Der mit nicht allzu viel Nachdruck geäußerten Kritik, dass zwei weiße Männer, Jochen Zeitz und Mark Coetzee in seiner Rolle als Museumsdirektor und Chefkurator, darüber entscheiden, welche afrikanischen Künstler repräsentativ für das Museum seien, ist Coetzee entgegengetreten.
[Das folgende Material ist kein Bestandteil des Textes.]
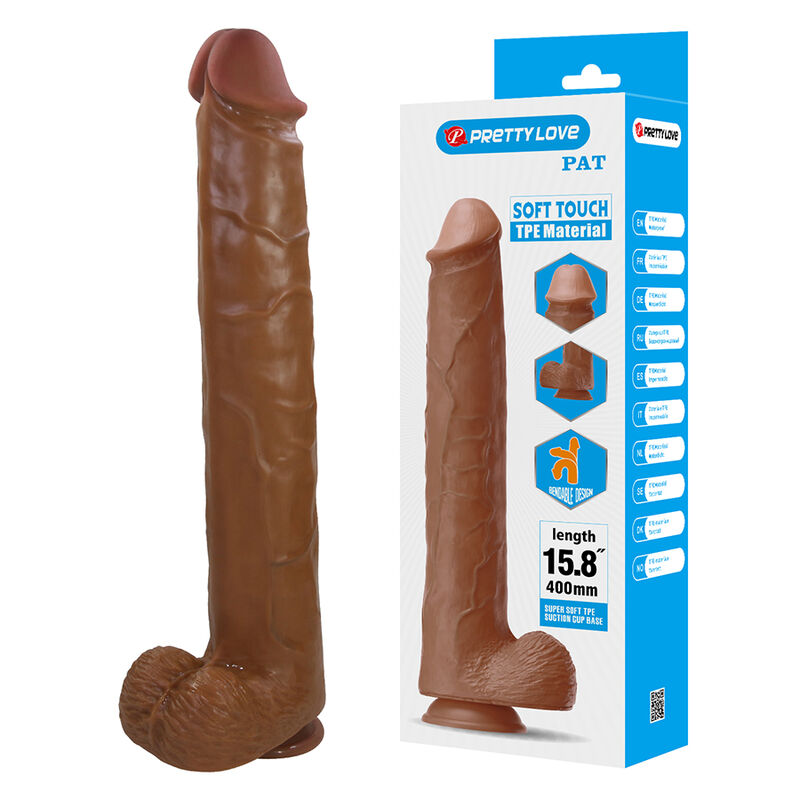 PRETTY LOVE - PAT REALISTIC FLEXIBLE DILDO WITH SUCTION CUP 40 CM -Ø- 6 CM BROWN - Foto 1 PRETTY LOVE - PAT REALISTIC FLEXIBLE DILDO WITH SUCTION CUP 40 CM -Ø- 6 CM BROWN - sexbliss - Foto 1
Mit der Idee der „curators at large“ und dem Selbstverständnis als panafrikanische Institution sei eine Zusammenarbeit mit mehreren führenden Kuratoren angestrebt, die etwa aus Lagos, Larare oder New York kommen, Ausstellungen gestalten, Projekte entwickeln oder über Trends ihrer Regionen berichten, so Coetzee.

Während des Eröffnungswochenendes vom 22. bis zum 25. September ist der Eintritt in das Zeitz MOCAA frei. Jugendliche unter 18 Jahren zahlen auch danach nichts. Ab dem 27. September beläuft sich der Eintrittspreis auf 180 Rand. Das Museum ist täglich außer dienstags von 10 bis 18 Uhr geöffnet.